§ **DIRECTIONS**:
What's needed is an exact copy of the lines from the one that contains "Седан Renault Clio Symbol 2003 в Киеве фото" to the end of the data below, leaving the pictures out.

§ **EXERCISE DATA**:
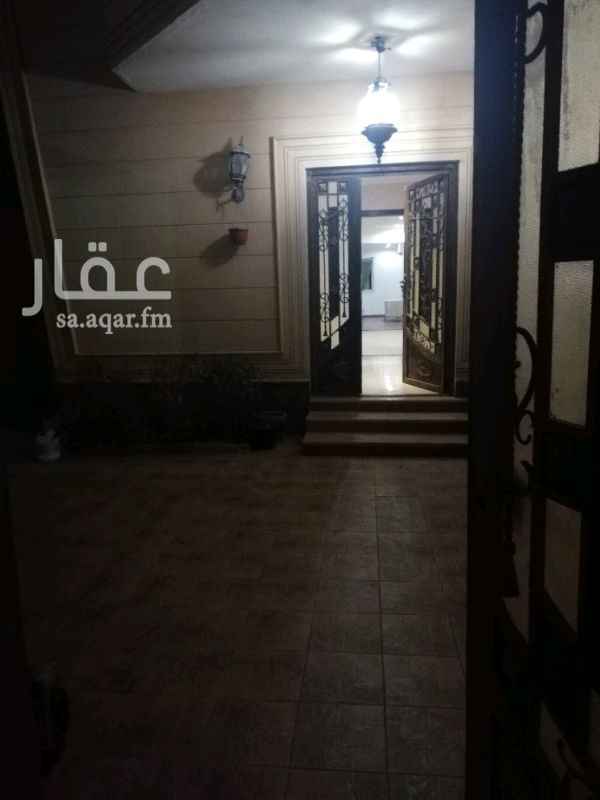 1269831 دبلكس قراش مع حوش تحت مجلس رجال وحمام صاله مجلس نساء وحمام مطبخ فوق ٤غرف نوم وصاله غرفتين ماستر وغرفتين بينهم حمام والملحق غرفتين نوم بينهم حمام والسطح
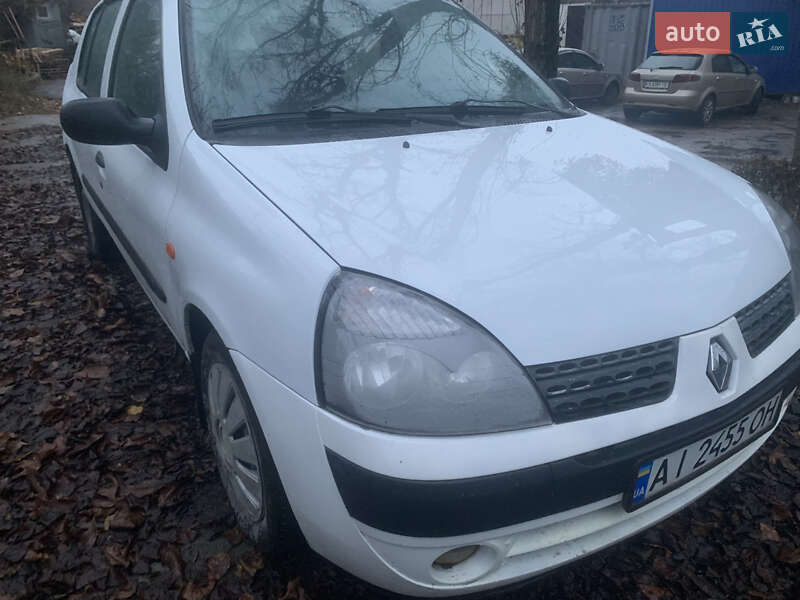 Седан Renault Clio Symbol 2003 в Киеве фото 4 Седан Renault Clio Symbol 2003 в Киеве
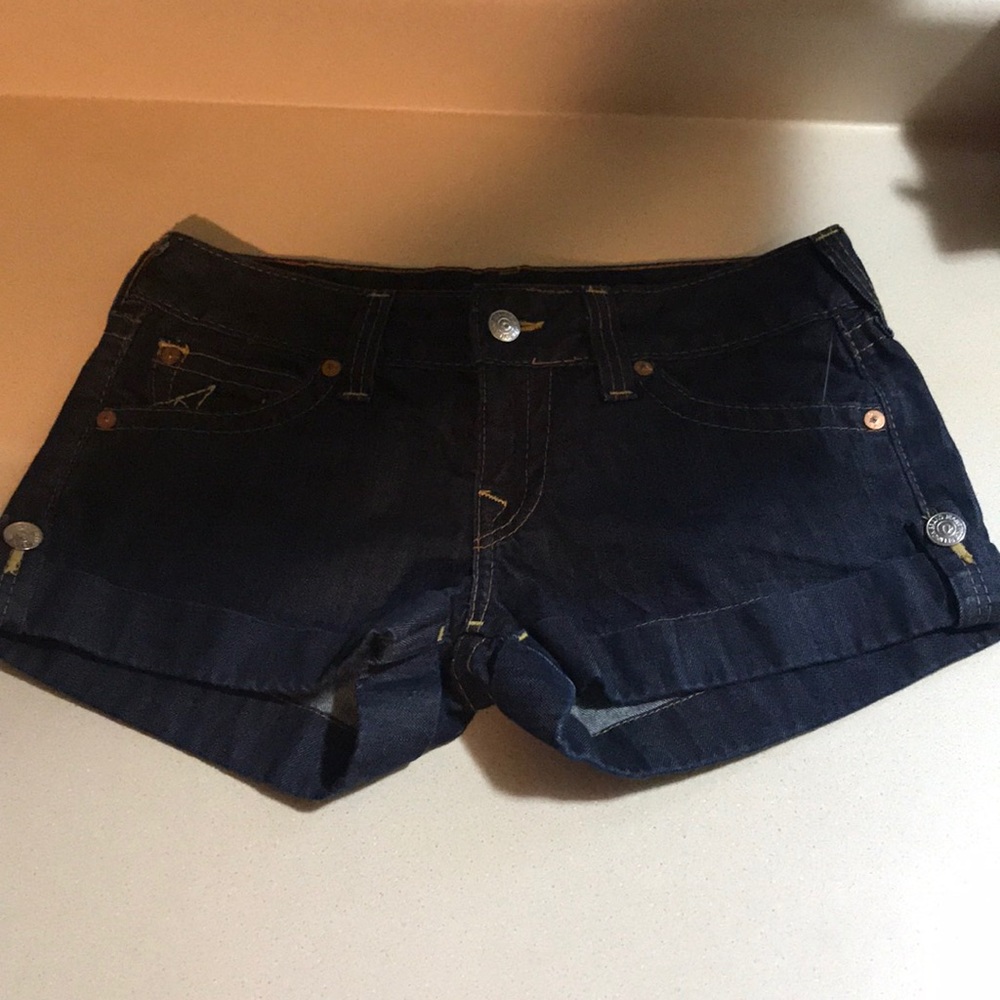 True Religion sz 30 jean shorts. 5 pocket style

§ **ANSWER SPACE**:
 Седан Renault Clio Symbol 2003 в Киеве фото 4 Седан Renault Clio Symbol 2003 в Киеве
 True Religion sz 30 jean shorts. 5 pocket style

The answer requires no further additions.